Александр Дюма Великий. Книга 2 - Даниель Циммерман
Шрифт:
Интервал:
Закладка:
Зима была тяжелой. Снова долги, заемы, ростовщики, судебные исполнители. Всех слуг он уволил, за исключением кухарки Мари и верного Василия, а мебель, картины, безделушки продал. Необходимость прибегать к услугам проституток в качестве стимулятора интеллектуальной деятельности финансовой стабилизации не способствовала. «Подружки» округляли свой гонорар, опустошая ящики. «Хоть бы одну монетку в двадцать франков мне оставили!» — жаловался он Матильде Шоу, посмеиваясь. Однажды она застала его в кабинете совершенно больным. «Как ты кстати! — сказал он. — Я нездоров; мне нужен мой отвар, а дозваться никого не могу… Бросили меня одного… И подумать только, что мне надо ехать в гости!.. Будь добра, посмотри в ящиках моего комода, не найдется ли там сорочки и белого галстука». Она нашла лишь две неглаженные ночные рубашки и побежала по магазинам, но ни в одном не оказалось вещей такого гигантского размера. Наконец, под вывеской «Рубашки для Геркулеса» она обнаружила белый пластрон в красную крапинку. Лишь Александр способен был надеть подобное художественное изделие. Со своей светской вечеринки он вернулся веселым: «Они приняли это за намек на мою дружбу с Гарибальди».

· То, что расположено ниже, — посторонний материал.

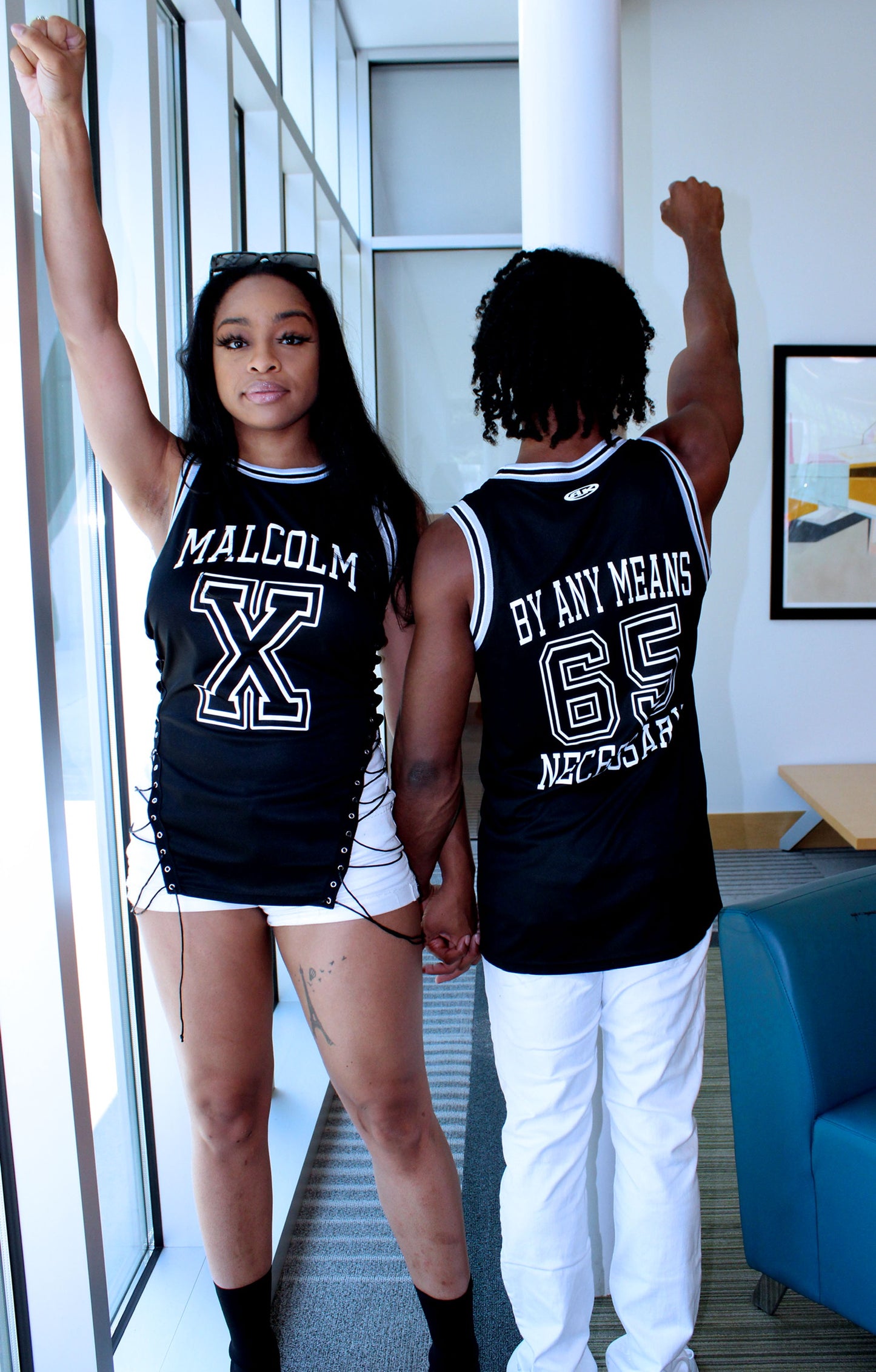 Handmade Malcom X Sleeveless Unisex Jersey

Здоровье его ухудшалось. Хронический ларингит, вечно затекшие ноги, живот «раздулся до такой степени, что, казалось, у него начинается водянка», — отмечает Ферри, приступы неудержимой сонливости, руки дрожат, и он уже не может писать. Инсценировку первой трети «Белых и Голубых» он диктует своему новому секретарю Виктору Леклеру в то самое время, когда в начале 1869 года возрождается республиканская партия. «Либеральная» империя отменила необходимость предварительного разрешения для прессы, и оппозиционные газеты процветают[180]. Самый большой тираж у «La Lanterne», сатирического еженедельника Рошфора, испытанного бонапартиста, написавшего: «Я выбираю Наполеона II, это мое право. Какое правление, друзья мои, какое правление! Никаких контрибуций, никаких бессмысленных войн, ни разорительных цивильных листов, ни министров, совмещающих по пять-шесть должностей!» В подобной ситуации премьера «Белых и Синих» 10 марта в Шатле, где кричали «Да здравствует Республика!», где пели Марсельезу, запрещенную с момента провозглашения Империи, не могла не закончиться триумфом.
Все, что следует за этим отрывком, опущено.